### Supplied data
━━━
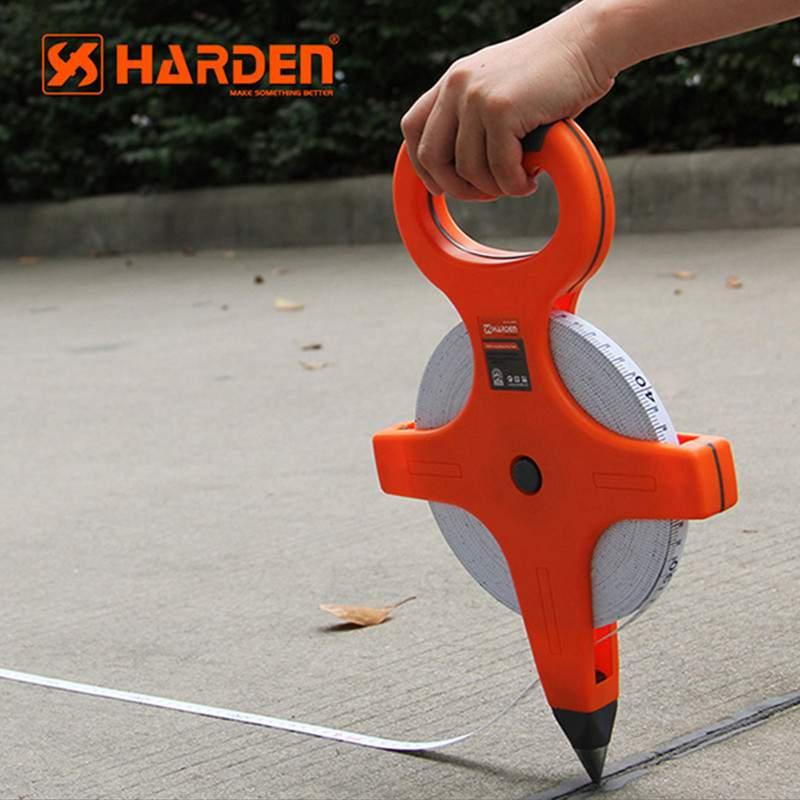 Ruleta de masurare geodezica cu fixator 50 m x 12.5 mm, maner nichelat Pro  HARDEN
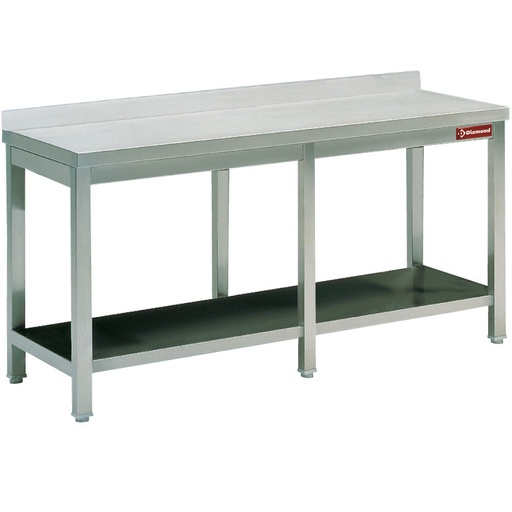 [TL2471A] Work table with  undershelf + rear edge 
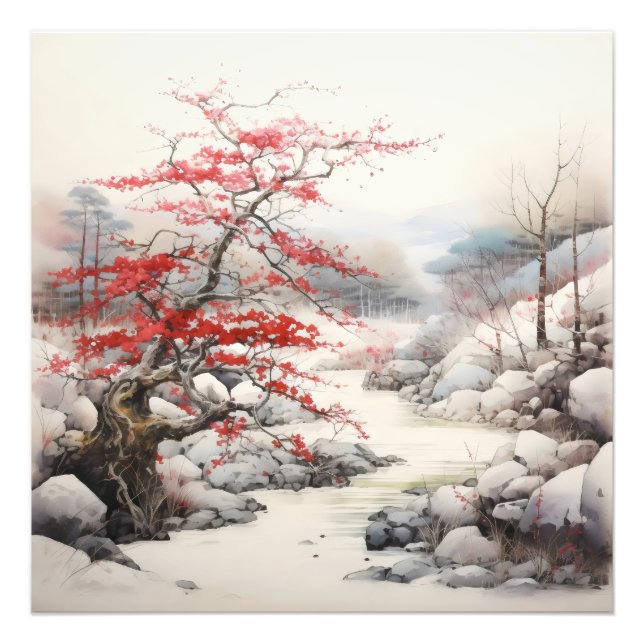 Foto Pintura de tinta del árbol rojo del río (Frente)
━━━
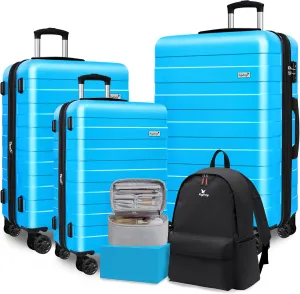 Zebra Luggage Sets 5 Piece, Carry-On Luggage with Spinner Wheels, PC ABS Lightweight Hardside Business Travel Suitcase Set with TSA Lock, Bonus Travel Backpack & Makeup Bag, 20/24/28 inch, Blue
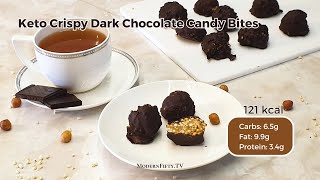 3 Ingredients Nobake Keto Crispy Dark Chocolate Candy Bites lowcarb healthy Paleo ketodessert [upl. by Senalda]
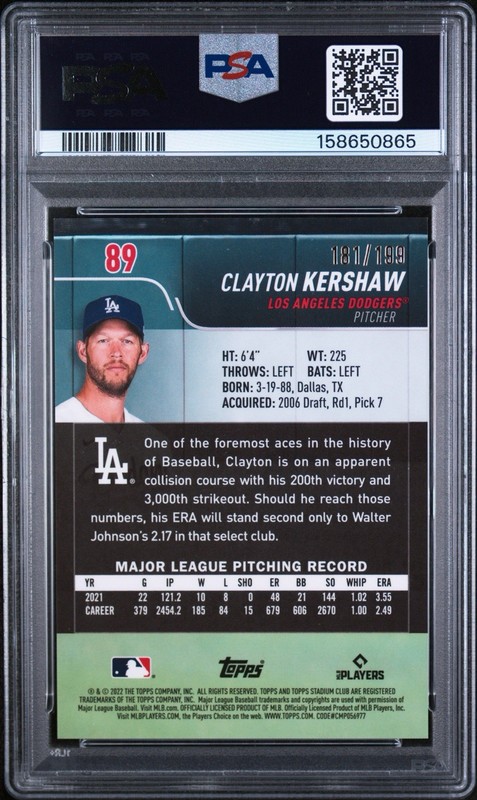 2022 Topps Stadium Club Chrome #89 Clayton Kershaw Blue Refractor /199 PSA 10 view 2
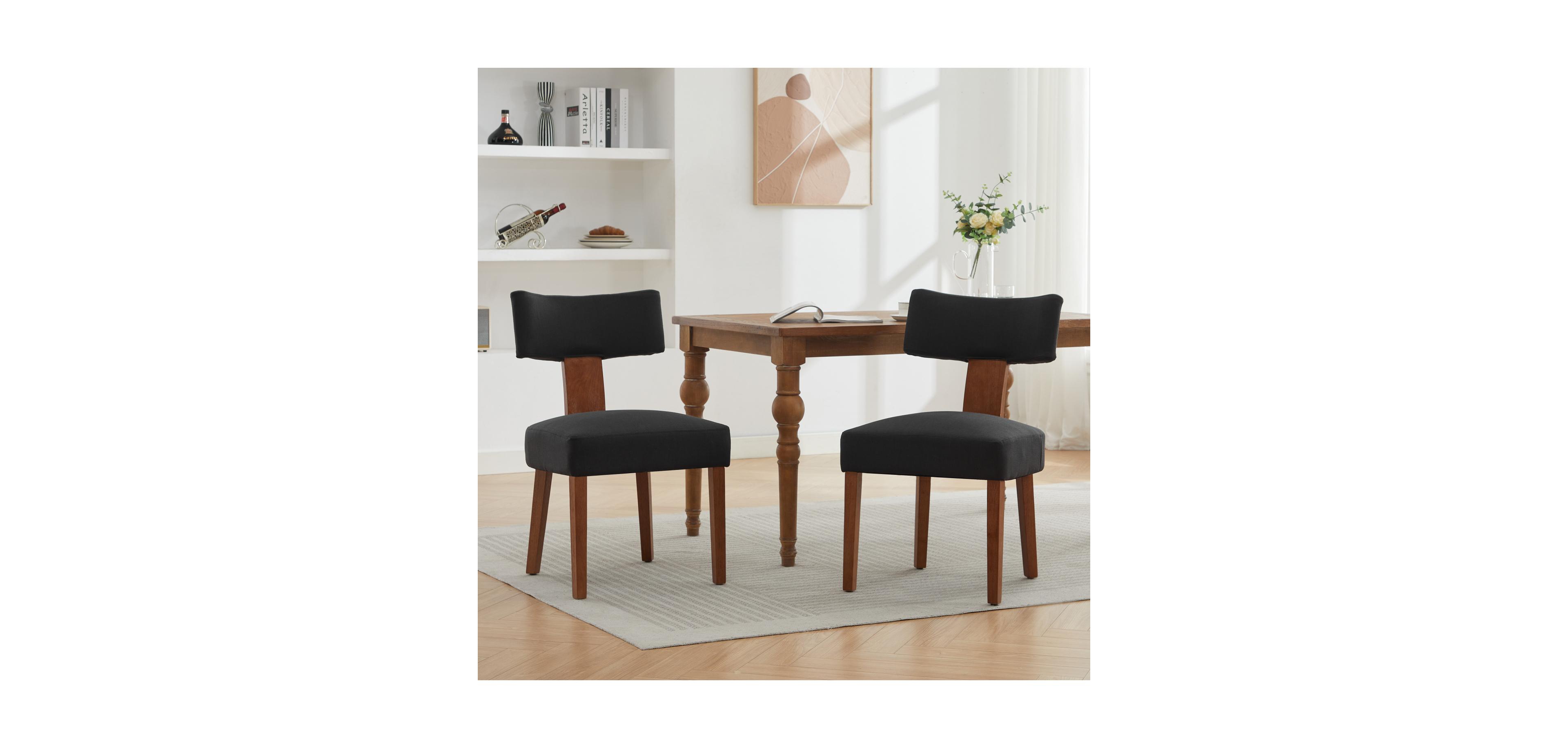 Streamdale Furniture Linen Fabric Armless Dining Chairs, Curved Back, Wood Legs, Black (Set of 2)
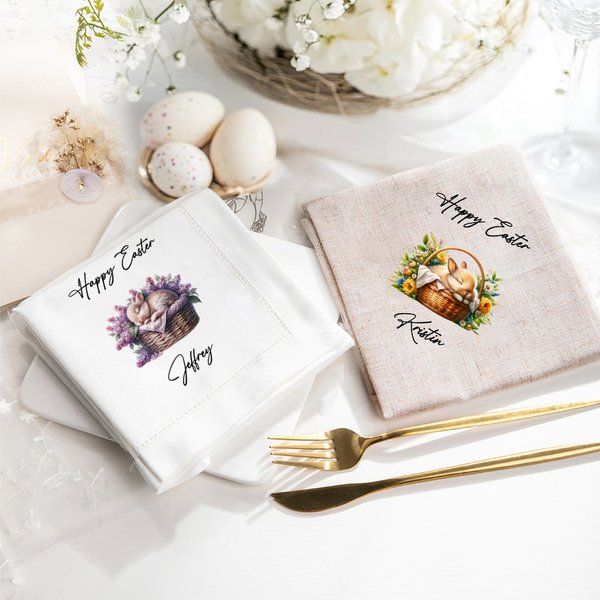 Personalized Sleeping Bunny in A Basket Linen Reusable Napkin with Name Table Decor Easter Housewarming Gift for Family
━━━
Using the listing above, repeat word for word each line from the one with "Streamdale Furniture Linen" down to the one with "Personalized Sleeping Bunny", both included. Omit all pictures.

### Solution for this task
 Streamdale Furniture Linen Fabric Armless Dining Chairs, Curved Back, Wood Legs, Black (Set of 2)
 Personalized Sleeping Bunny in A Basket Linen Reusable Napkin with Name Table Decor Easter Housewarming Gift for Family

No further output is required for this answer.